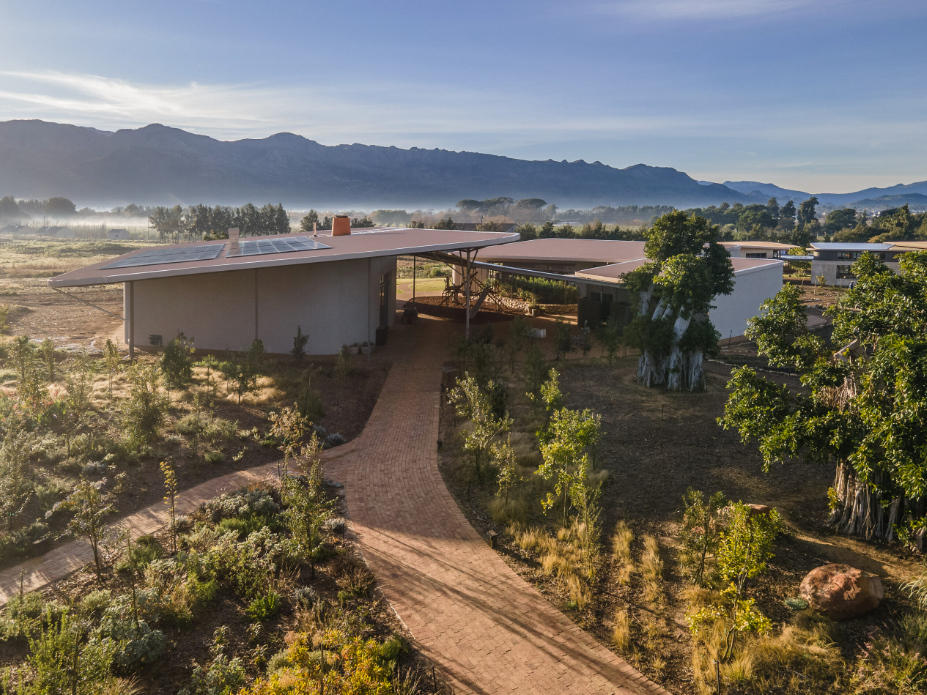 Green School South Africa campus buildings set against mountains and native landscape.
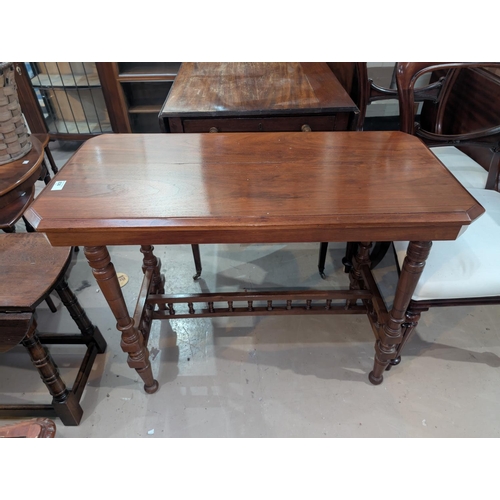 989 - A mahogany aesthetic style movement table and an octagonal wine table.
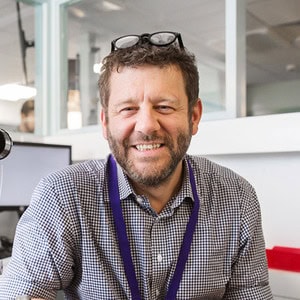 Image shows headshot of a white male with dark hair and greying beard, with glasses propped on his head and a broad smile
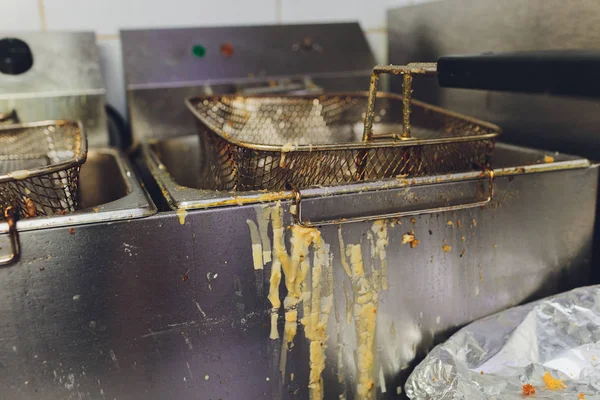 Deep fryer with oil on restaurant kitchen.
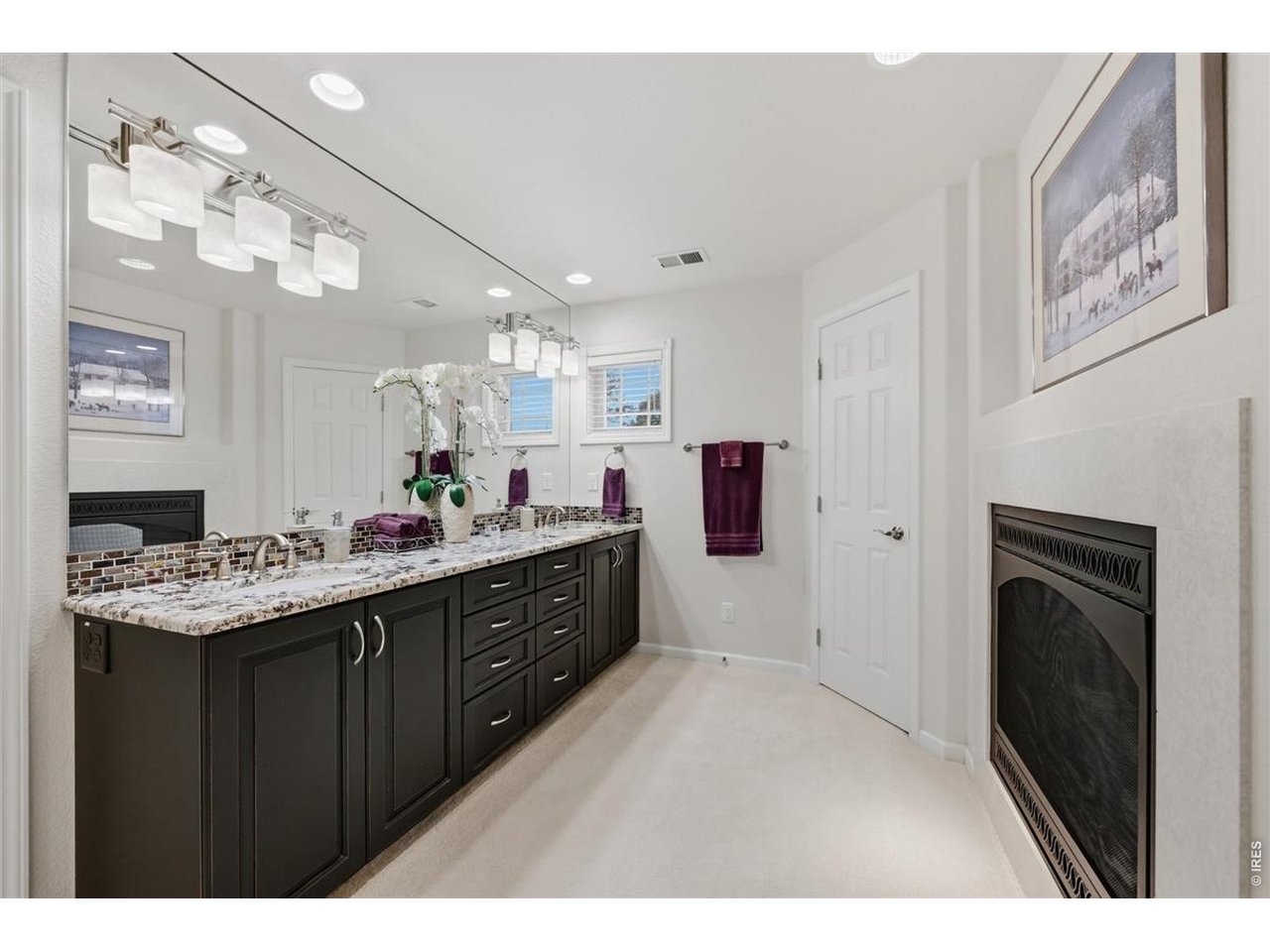3754 Kentford Road Fort Collins, CO 80525 - Photo 27 of 50 Upper primary bath with expansive granite vanity, abundant cabinetry & two-sided gas fireplace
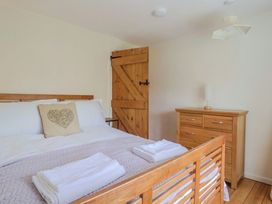 A bedroom with a double bed and wooden furniture at Harbins Farm Glanvilles Wootton Nr. Sherborne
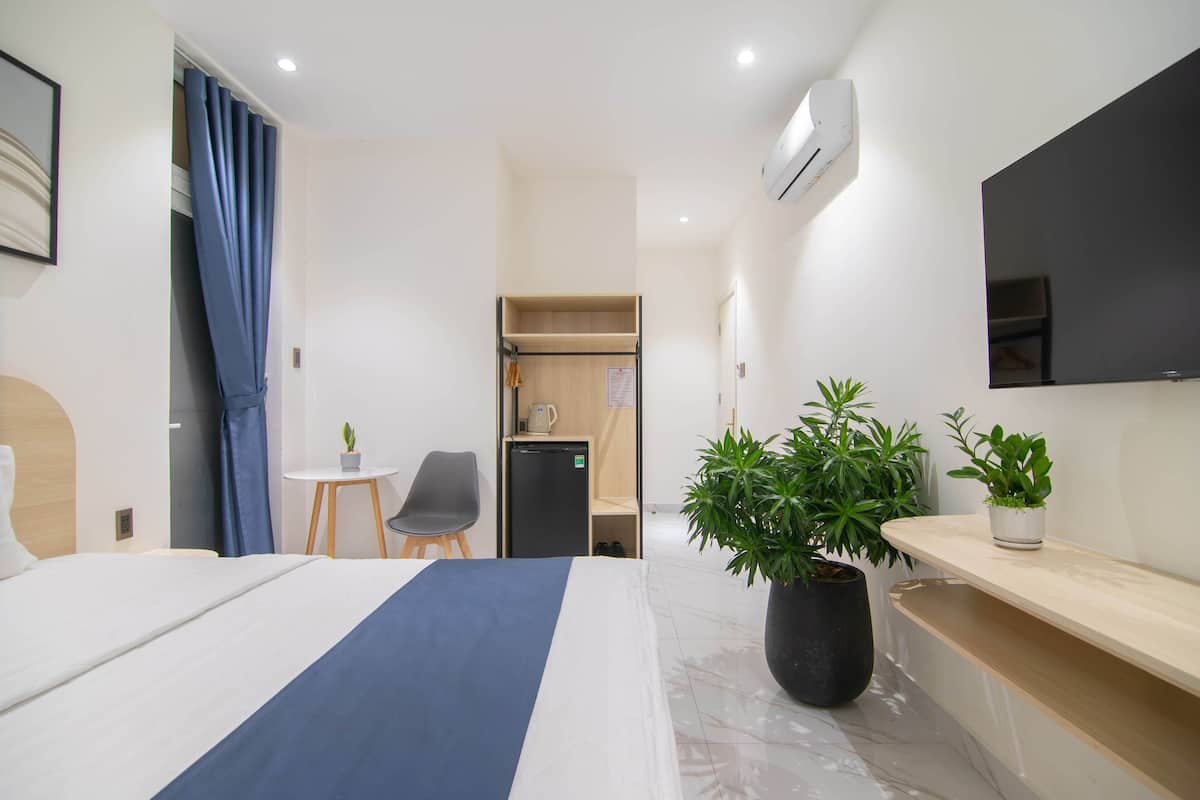 Habitación Deluxe | Escritorio, wifi gratis y ropa de cama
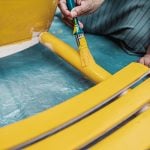 woman painting a chair with yellow paint - Structure and Behavior of Wetting Agents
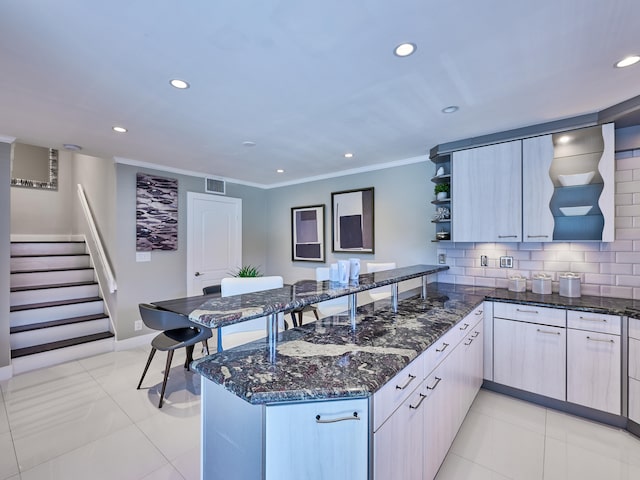 kitchen with kitchen peninsula, light tile patterned floors, dark stone counters, crown molding, and decorative backsplash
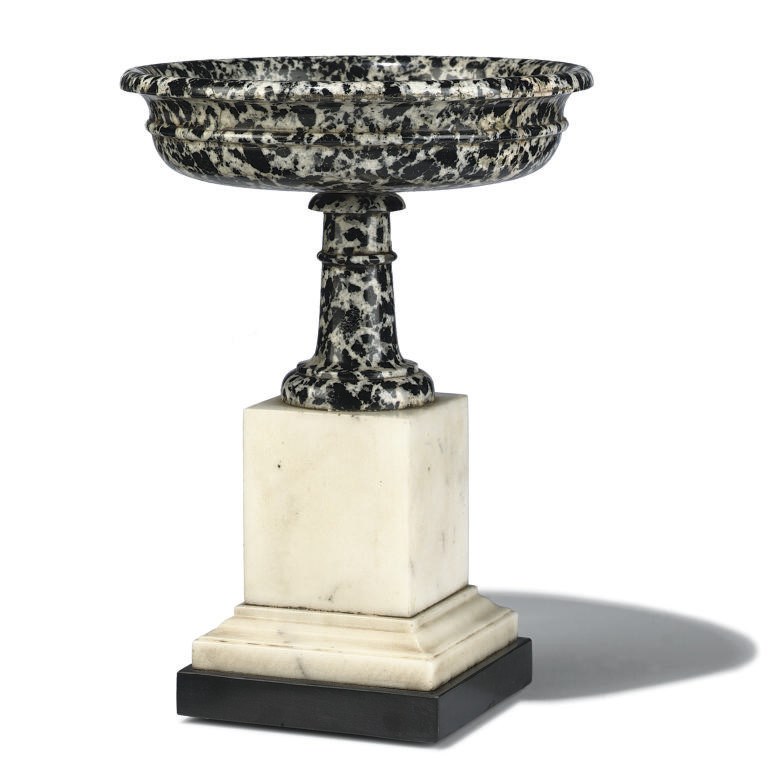 AN ITALIAN BIANCO E NERO GRANITE TAZZA ON WHITE MARBLE STAND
_ _ _ _ _
**Your instructions:** From the line with "kitchen with kitchen" through the end of the listing, write out every line exactly, leaving out the pictures.

**Answer to the exercise:**
 kitchen with kitchen peninsula, light tile patterned floors, dark stone counters, crown molding, and decorative backsplash
 AN ITALIAN BIANCO E NERO GRANITE TAZZA ON WHITE MARBLE STAND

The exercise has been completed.